Prática por demais comum por parte das instituições financeiras, o desconto, quando do depósito, de salários e outros rendimentos do correntista a fim de saldar eventuais dívidas contraídas junto ao banco, vem sendo maciçamente rechaçado pelos tribunais pátrios, inclusive pela Corte Superior, ainda que tal dedução esteja prevista contratualmente.
Entre os diversos princípios que norteiam o ordenamento jurídico brasileiro, vem cada vez mais ganhando importância o princípio da dignidade da pessoa humana, que impõe a tutela dos cidadãos sob a ótica de sujeitos de direitos, como seres dotados de direitos e garantias fundamentais, sem as quais não há como se falar em vivência digna.
Assim, dentre as diversas prescrições legais que decorrem deste princípio, merece ser destacada a atribuição de natureza alimentar às verbas percebidas a título de salário ou outros rendimentos, o que significa dizer que esta remuneração é legalmente reconhecida como imprescindível para a subsistência do indivíduo, e, por isso, recebe um tratamento jurídico diferenciado, sendo absolutamente impenhorável para qualquer fim, salvo para pagamento de pensão alimentícia.
Todavia, em que pese esta proteção que o Direito confere aos rendimentos dos cidadãos, comumente verifica-se que, assim que os mesmos são recebidos e depositados em conta corrente ou outras aplicações financeiras, os bancos imediatamente retêm o valor necessário para solver eventual débito havido junto à instituição, e, para tanto, valem-se do contrato assinado pelo correntista, o qual geralmente contém uma cláusula permitindo esta dedução automática.
Ocorre que este contrato apresenta alguns defeitos, um deles é que, por se tratar de um contrato de adesão (contrato pré-elaborado que impede discussões substanciais acerca das cláusulas), o indivíduo sequer tem conhecimento de que está permitindo esta retenção e, além disto, a cláusula permissiva do desconto direto é considerada nula de pleno direito, de acordo com o Código de Defesa do Consumidor; ademais, a natureza alimentar do salário, por visar, conforme já mencionado, a proteção ao princípio da dignidade da pessoa humana, não pode ser renunciada contratualmente, conquanto é verba inerente à regular subsistência da pessoa, e esta condição nunca pode ser abdicada.
Em razão disto, os tribunais estaduais e também o Superior Tribunal de Justiça têm dado ganho de causa aos correntistas, entendendo que o depósito dos valores não retira a natureza alimentar da renda e, com isto, declarando que a retenção do salário para solver a dívida do cliente junto ao banco, ainda que isto encontre amparo contratual, é completamente ilegal.

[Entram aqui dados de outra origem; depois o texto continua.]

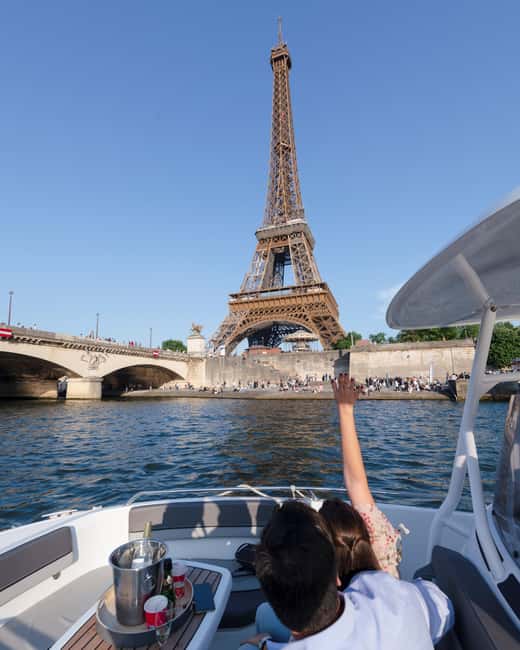 Paris: Private Seine River Cruise - What to expect onboard and on the water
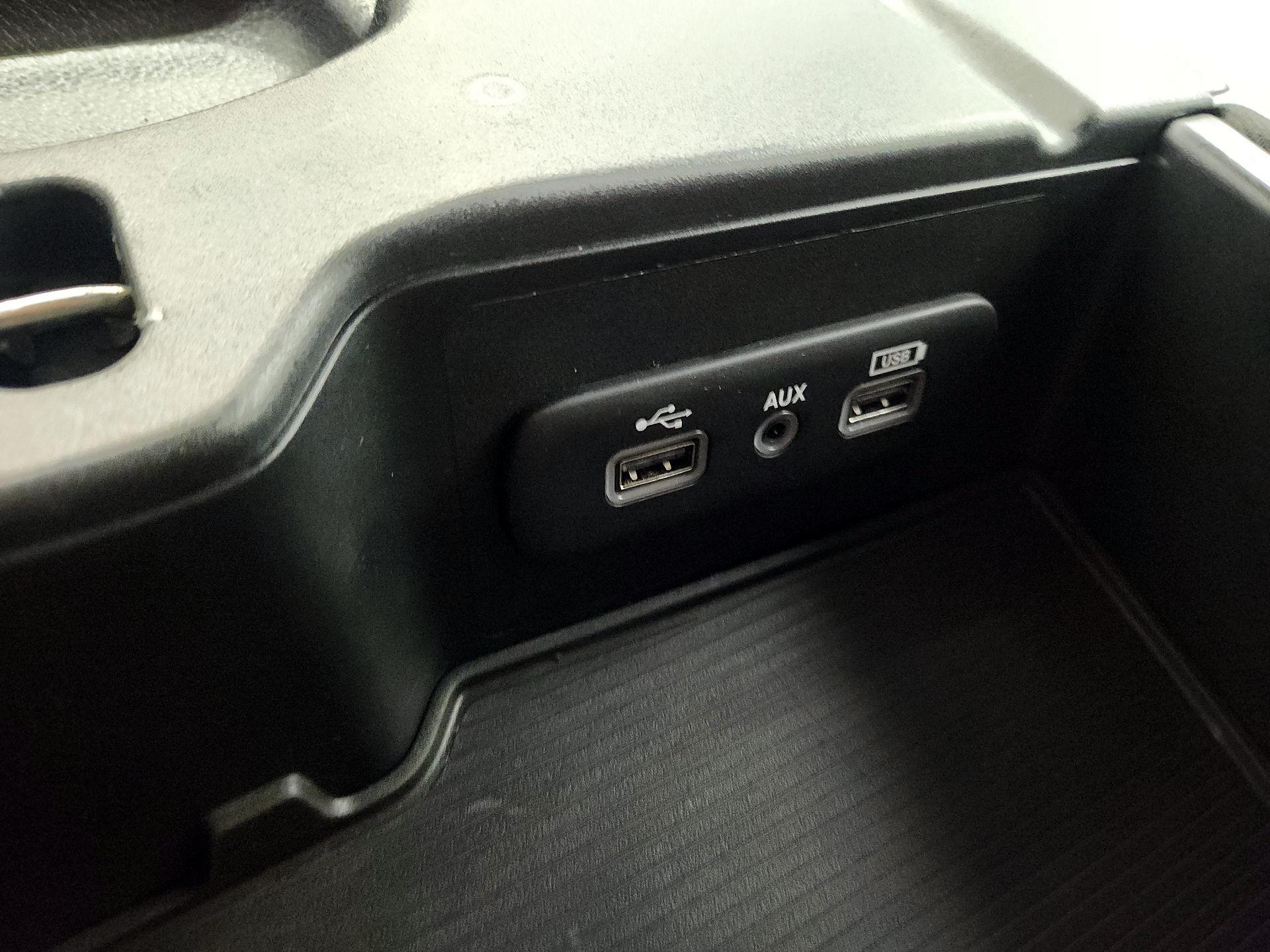 Thumbnail: 2024 RAM 1500 Classic - 18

De outra forma, merece ser ressaltado que há tribunais entendendo pela limitação desta impossibilidade de desconto “automático” dos rendimentos, estipulando um máximo de 30% sobre os rendimentos depositados para que as instituições retenham para pagar os débitos.
Outra questão de suma importância refere-se à abrangência deste entendimento jurisprudencial, pois a imensa maioria das decisões cuidou de casos relacionados a trabalhadores contratados sob o regime celetista ou funcionários públicos, pairando a dúvida acerca dos rendimentos dos profissionais liberais e demais empreendedores.

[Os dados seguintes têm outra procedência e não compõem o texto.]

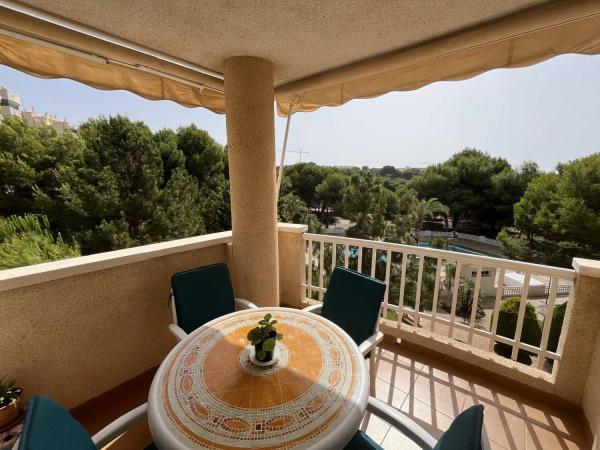 Piso en Barrio Campoamor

Em que pese os tribunais ainda não terem se manifestado de forma contundente a este respeito, entendemos que a remuneração destes profissionais também merece o mesmo tratamento dos celetistas e funcionários públicos, em razão de que a norma legal que fundamenta as decisões judiciais favoráveis aos trabalhadores (art. 649, IV, CPC) é bastante abrangente e prescreve que, além dos salários, são impenhoráveis os vencimentos, subsídios, soldos, remunerações, proventos de aposentadoria, pensões, pecúlios e montepios, as quantias recebidas por liberalidade de terceiro e destinadas ao sustento do devedor e sua família, os ganhos de trabalhador autônomo e os honorários de profissional liberal.

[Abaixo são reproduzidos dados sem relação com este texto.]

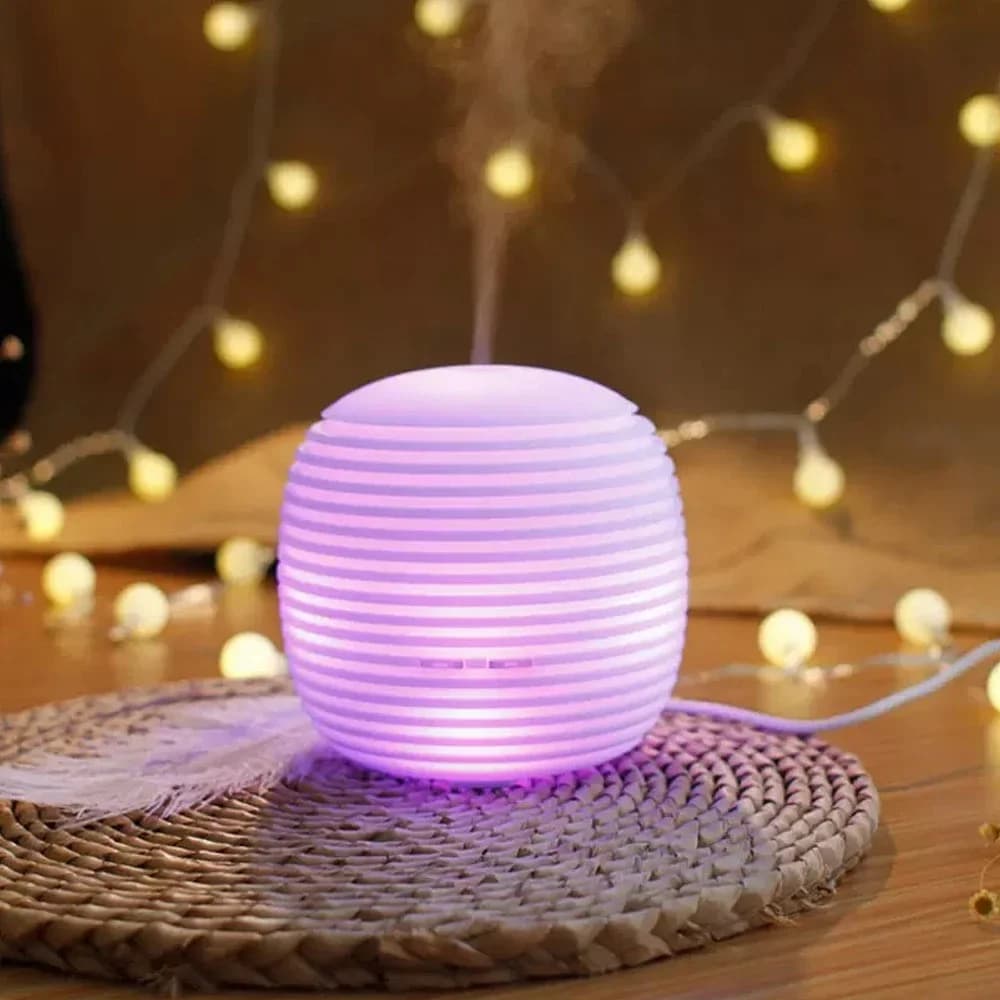 Umidificatore Silenzioso a Forma di Lanterna Bianca da 100ml, Diffusore di Aromi con 7 Colori Rilassanti per Ufficio e Casa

Além do mais, ainda que não houvesse tal disposição, como acima afirmamos, o profissional precisa ter seu rendimento protegido (ainda que parcialmente, como no caso do teto de 30% sobre o qual se permite a retenção), em razão de que não importa o regime jurídico de sua profissão, uma parte da renda certamente é imprescindível para a sua subsistência, devendo ser amplamente tutelada como forma de lhe garantir a subsistência, preservando- se sua dignidade.
Diante disto, as instituições financeiras que queiram cobrar as suas dívidas devem se valer de outros meios que não a retenção automática da remuneração dos seus clientes, conquanto este ato mostra-se judicialmente reconhecido como abusivo e contrário à boa-fé que deve reger as relações privadas, cabendo aos cidadãos evitar que este tipo de retenção ocorra ou, caso já tenha havido, procurar o Judiciário para se ver ressarcido de eventuais danos materiais e/ou morais eventualmente sofridos.